Language was another challenge.“Some are more comfortable in Arabic but the main communication has to be done in English,” she said.
Addressing bad press was also crucial, Dr Chehab said. “One of the things we struggle with in the Middle East is being able to answer criticism,” she said. “This programme is tailored to that.
Unfortunately, Dubai is very stereotyped in the west sometimes in a very bad way so being able to respond to them with a very good image is very important. It should be something all government entities should have because you’re more and more exposed to that.”
Mr Leon also gave a masterclass, explaining that without good communication it is the message that suffers.
“I told them to keep having trust, and make sure you have something really substantial and strong to sell. It was not only a reflection on how politics have evolved, but how political communication can help communication in general and help us overcome the crisis we are going through today.”

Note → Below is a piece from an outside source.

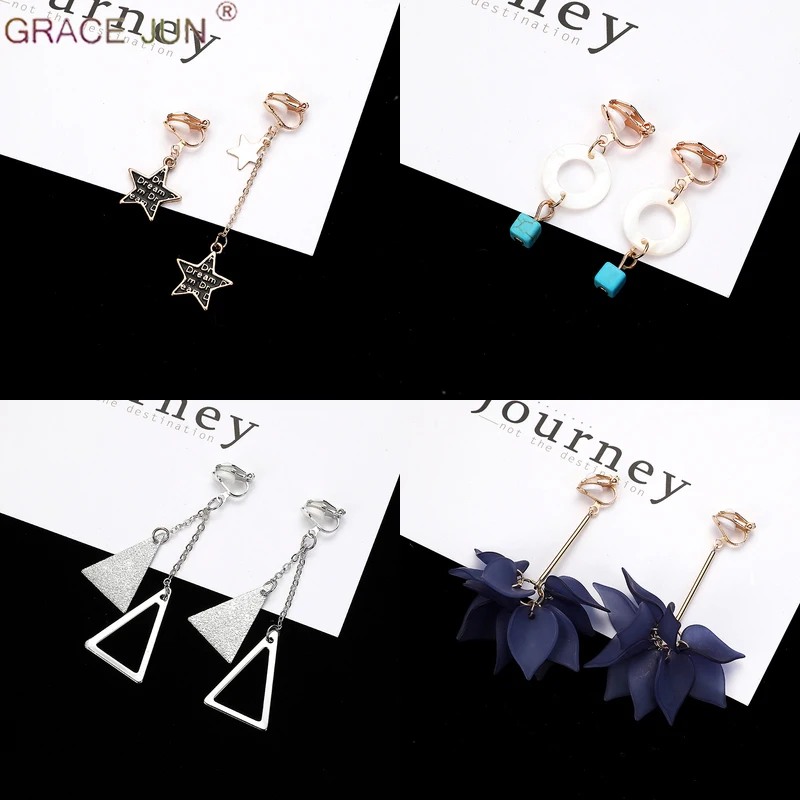 GRACE JUN 2019 Clip on Earrings for Women Fashion Party Prom Stuedent Style No Pierced Earrings Hot Sale Clip Earrings Brincos
GRACE JUN 2019 Clip on Earrings for Women Fashion Party Prom Stuedent Style No Pierced Earrings Hot Sale Clip Earrings Brincos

Paulo Portas, Portugal’s former Foreign Affairs Minister and Deputy Prime Minister, shared his experiences in another talk. “You can’t rule a country, take decisions and establish major policies without communication,” he said.
“It’s a part of the solution and if you’re not aware of modern techniques and instruments of communication and major risks, you may lose the context, the text and not be able to connect with other’s minds.”
Back home, Mr Portas found himself in the firing line over Portugal’s major financial crisis between 2010 and 2014, which produced 90 per cent negative coverage, he estimates.
“My first duty was to clarify to everybody in the world that Portugal had a problem but we would fulfil the programme, deliver the solution and overcome the crisis,” he said.
“But we had a reputation problem and reputations are built through perceptions. So my first fight all around the world was to explain that we are able to solve the problem. It was a tough moment but we delivered.”
He said transparency was key, “The aim is to have the trust so you have to explain yourself.
“Dubai wants to perfect its communication strategy and it’s a new area for many people. New technologies are surprising for many people so you have to update your information, graduate your techniques and know how to use new communication strategies and instruments to achieve better results in the dialogue with your society and the exterior world.”
Mr Portas said the UAE was one of the countries that understood globalisation and digitisation better.
“It’s a rising power,” he said. “The UAE is more or less like the virtual border between the old and the new world. It’s a sort of United Nations of the world and this is a very modern example. With good ideas in the right moment, you can build a fantastic nation project.”
Mona Al Marri, director general of the Dubai Media Office, believes the programme is needed for the entire country.
“It’s very educational and it’s about knowledge and experience sharing from people in the industry themselves, from politics to business and crises,” she said.
“Today, we are living in the middle of a very disturbed region so we need to be equipped — not just our political leaders and chief executives, but also our government communication employees who are meant to know, not just the agenda and directions of the leadership, but also how to manage them.”
For the Dubai Government, she said, the Emirate was adopting a model of soft power pioneered by Sheikh Zayed, the Founding Father of the UAE.
“We were raised to see Sheikh Zayed, the founding father of the UAE, doing a lot of soft power, so the programme is valuable and it gives us a great network to create for the future.”